(Data items)
• • • • • • •

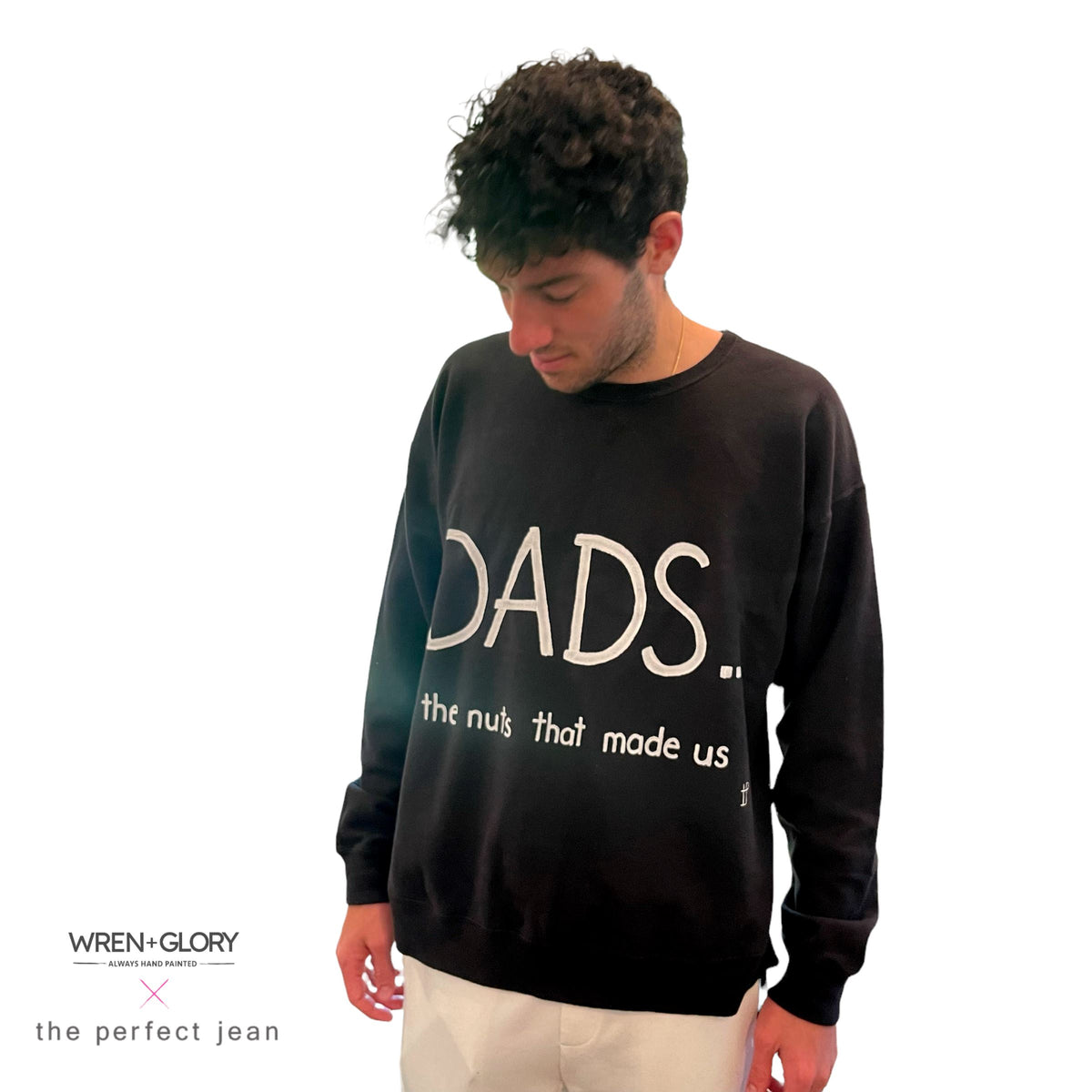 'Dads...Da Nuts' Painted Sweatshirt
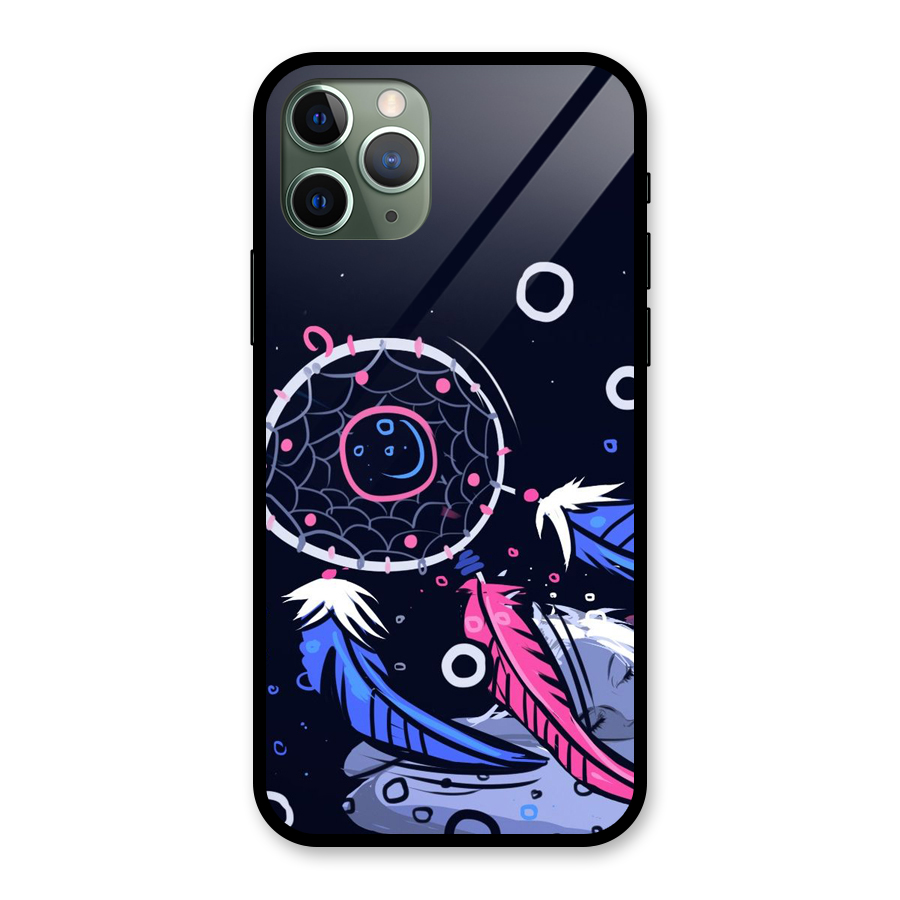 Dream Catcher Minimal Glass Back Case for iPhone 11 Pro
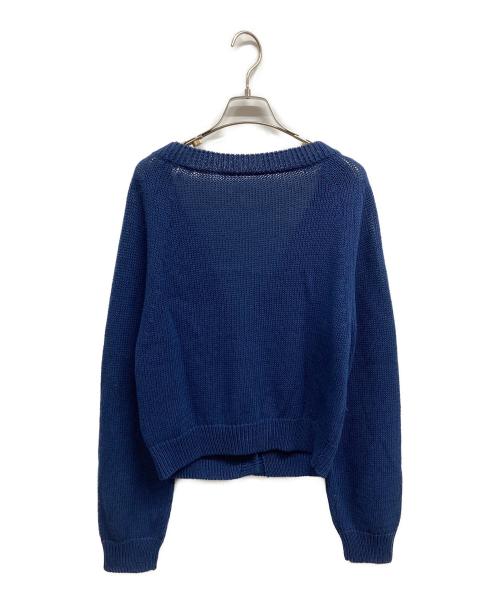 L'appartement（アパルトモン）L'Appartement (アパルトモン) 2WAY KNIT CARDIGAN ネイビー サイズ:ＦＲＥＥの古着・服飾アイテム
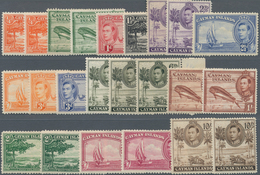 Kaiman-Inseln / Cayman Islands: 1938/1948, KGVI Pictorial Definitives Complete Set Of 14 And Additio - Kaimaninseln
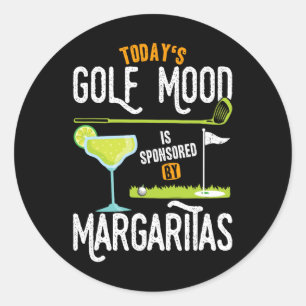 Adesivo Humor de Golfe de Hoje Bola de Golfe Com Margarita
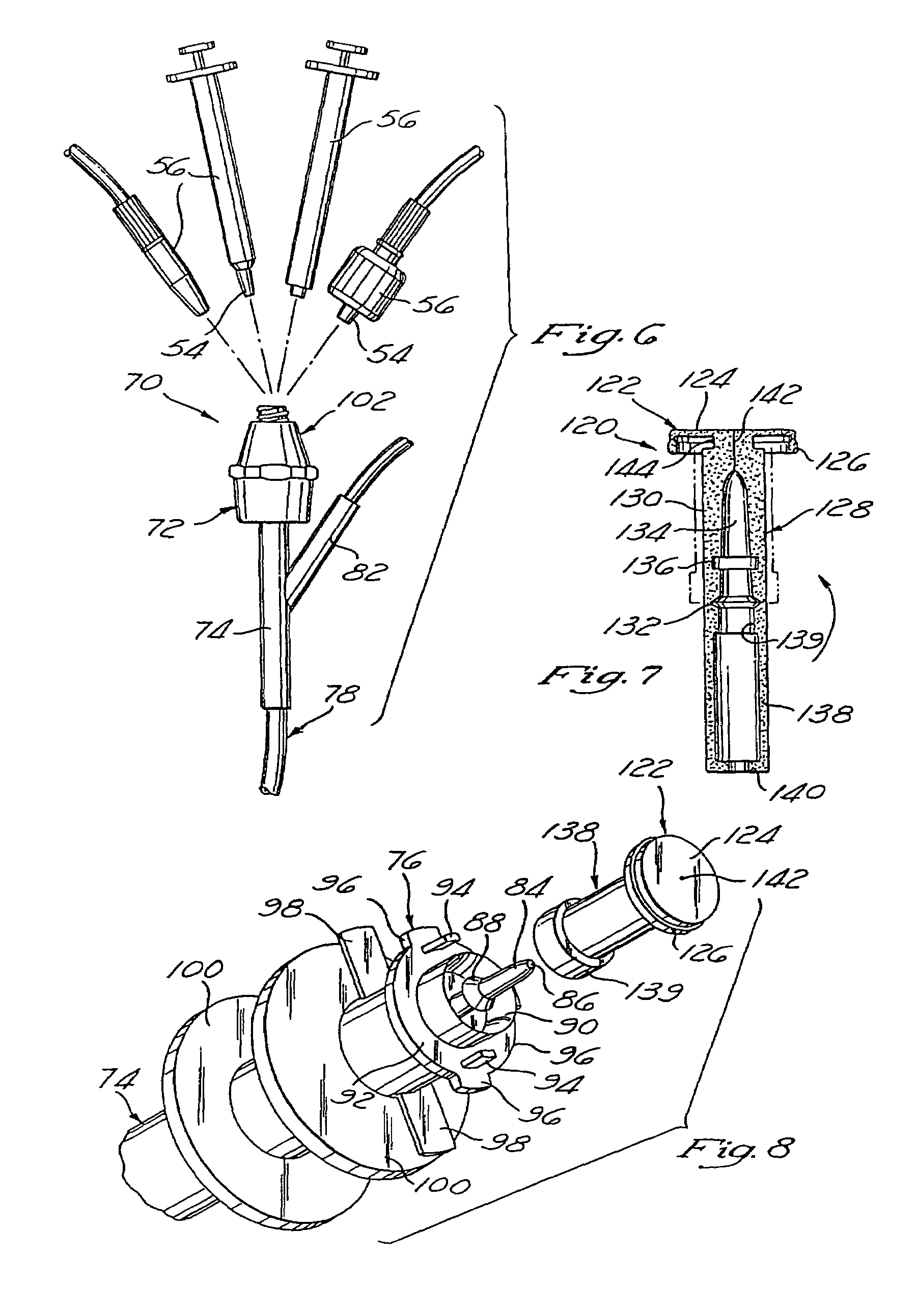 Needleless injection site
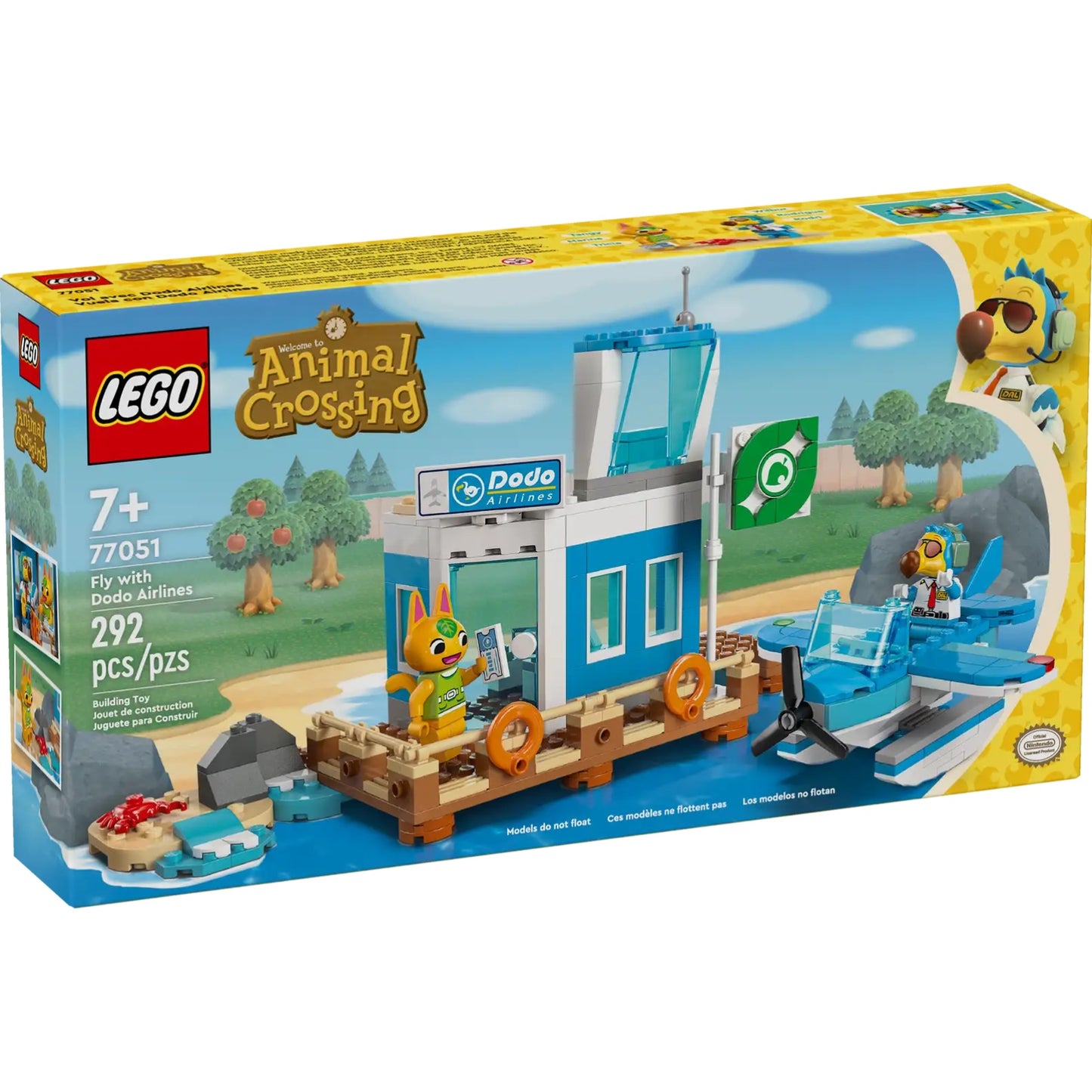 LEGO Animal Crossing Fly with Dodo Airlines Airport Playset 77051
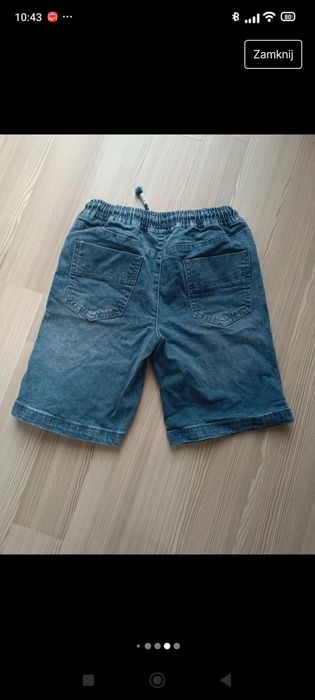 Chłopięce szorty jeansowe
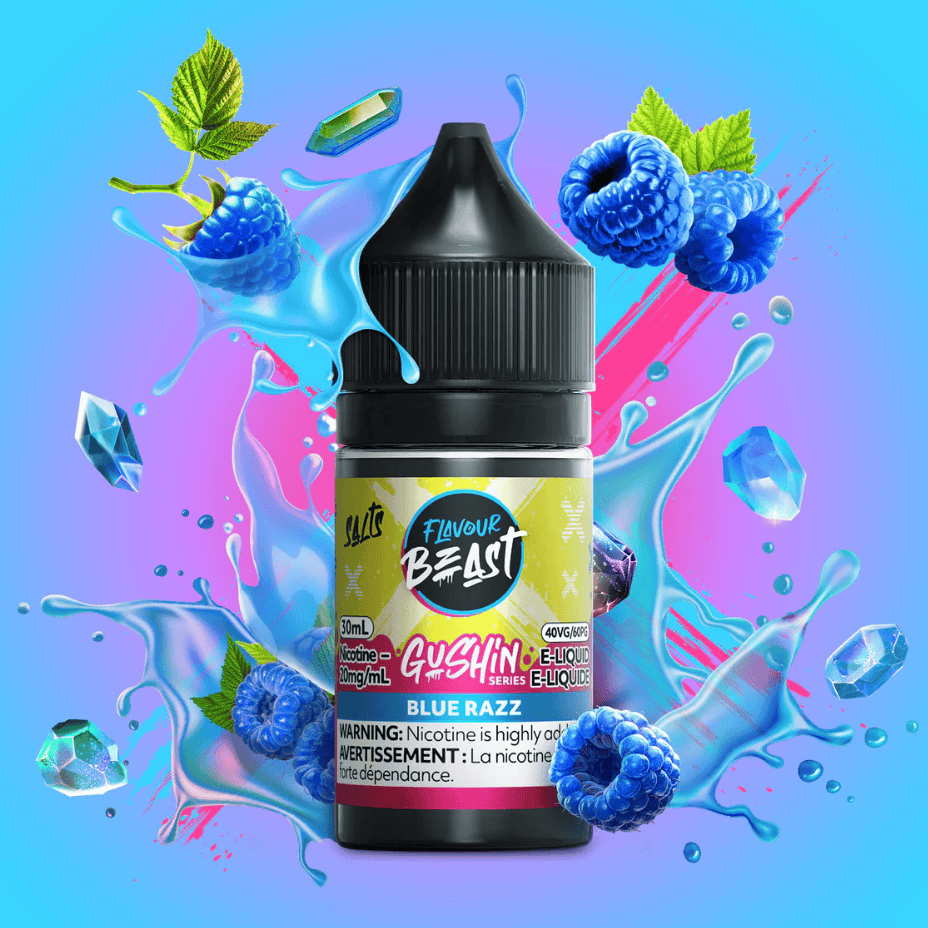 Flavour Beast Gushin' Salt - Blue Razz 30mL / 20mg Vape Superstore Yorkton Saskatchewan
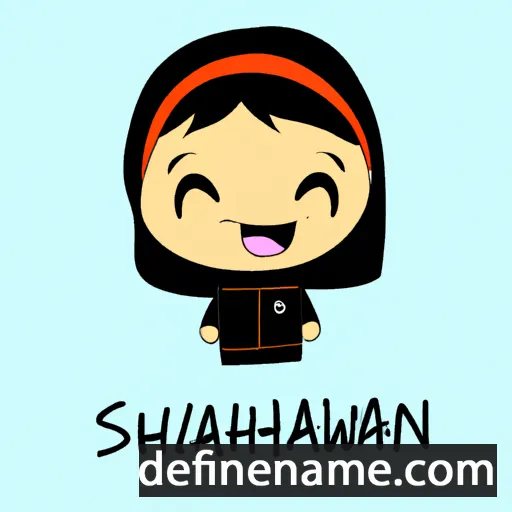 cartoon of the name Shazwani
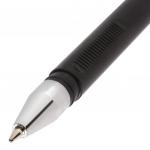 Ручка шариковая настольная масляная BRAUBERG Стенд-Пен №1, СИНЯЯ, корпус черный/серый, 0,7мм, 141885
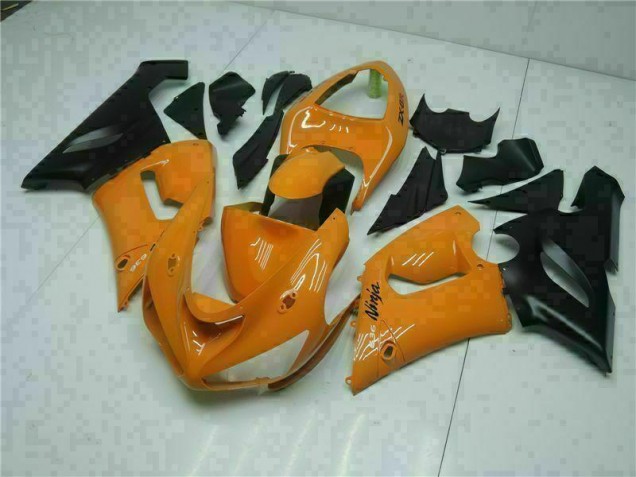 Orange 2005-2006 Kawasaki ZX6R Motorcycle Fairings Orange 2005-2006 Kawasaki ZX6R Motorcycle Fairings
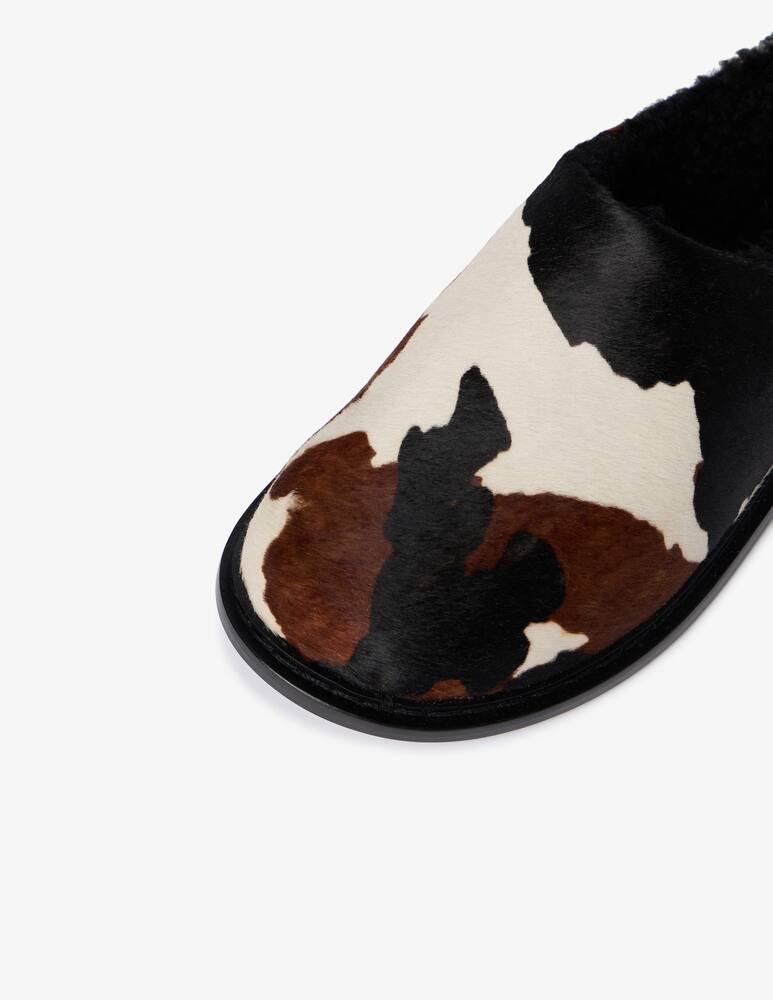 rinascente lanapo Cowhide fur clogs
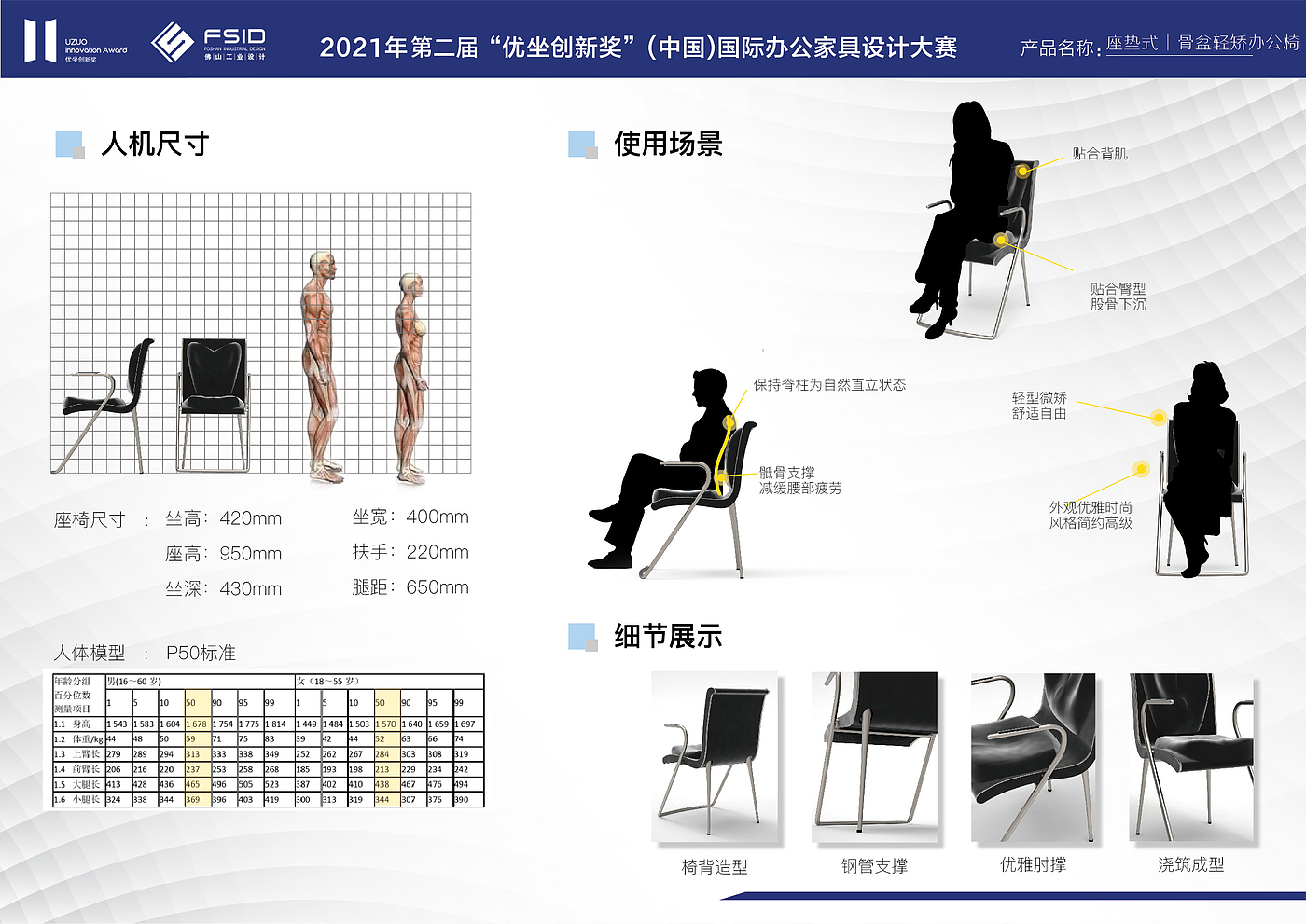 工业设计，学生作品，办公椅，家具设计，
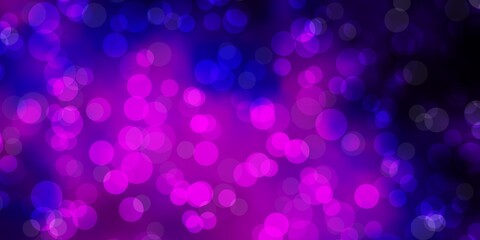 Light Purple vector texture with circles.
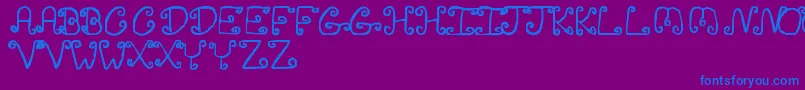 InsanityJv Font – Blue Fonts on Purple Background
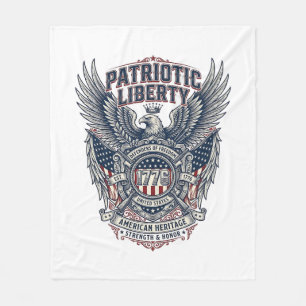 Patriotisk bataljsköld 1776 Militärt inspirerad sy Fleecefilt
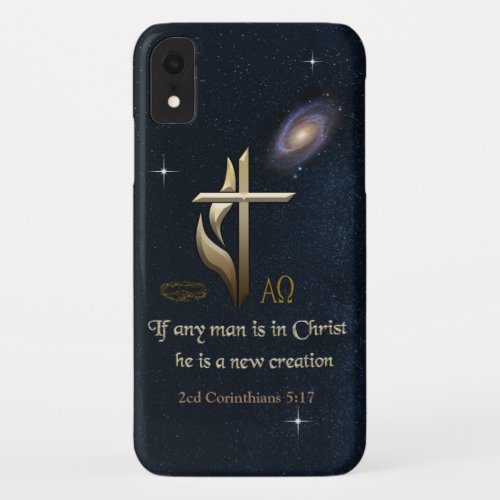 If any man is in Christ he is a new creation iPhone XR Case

• • • • • • •

EXERCISE INSTRUCTIONS:
Although the records contain pictures, the output must hold only their exact wording.

YOUR SOLUTION:
 'Dads...Da Nuts' Painted Sweatshirt
 Dream Catcher Minimal Glass Back Case for iPhone 11 Pro
 L'appartement（アパルトモン）L'Appartement (アパルトモン) 2WAY KNIT CARDIGAN ネイビー サイズ:ＦＲＥＥの古着・服飾アイテム
 Kaiman-Inseln / Cayman Islands: 1938/1948, KGVI Pictorial Definitives Complete Set Of 14 And Additio - Kaimaninseln
 Adesivo Humor de Golfe de Hoje Bola de Golfe Com Margarita
 Needleless injection site
 LEGO Animal Crossing Fly with Dodo Airlines Airport Playset 77051
 Chłopięce szorty jeansowe
 Flavour Beast Gushin' Salt - Blue Razz 30mL / 20mg Vape Superstore Yorkton Saskatchewan
 cartoon of the name Shazwani
 Ручка шариковая настольная масляная BRAUBERG Стенд-Пен №1, СИНЯЯ, корпус черный/серый, 0,7мм, 141885
 Orange 2005-2006 Kawasaki ZX6R Motorcycle Fairings Orange 2005-2006 Kawasaki ZX6R Motorcycle Fairings
 rinascente lanapo Cowhide fur clogs
 工业设计，学生作品，办公椅，家具设计，
 Light Purple vector texture with circles.
 InsanityJv Font – Blue Fonts on Purple Background
 Patriotisk bataljsköld 1776 Militärt inspirerad sy Fleecefilt
 If any man is in Christ he is a new creation iPhone XR Case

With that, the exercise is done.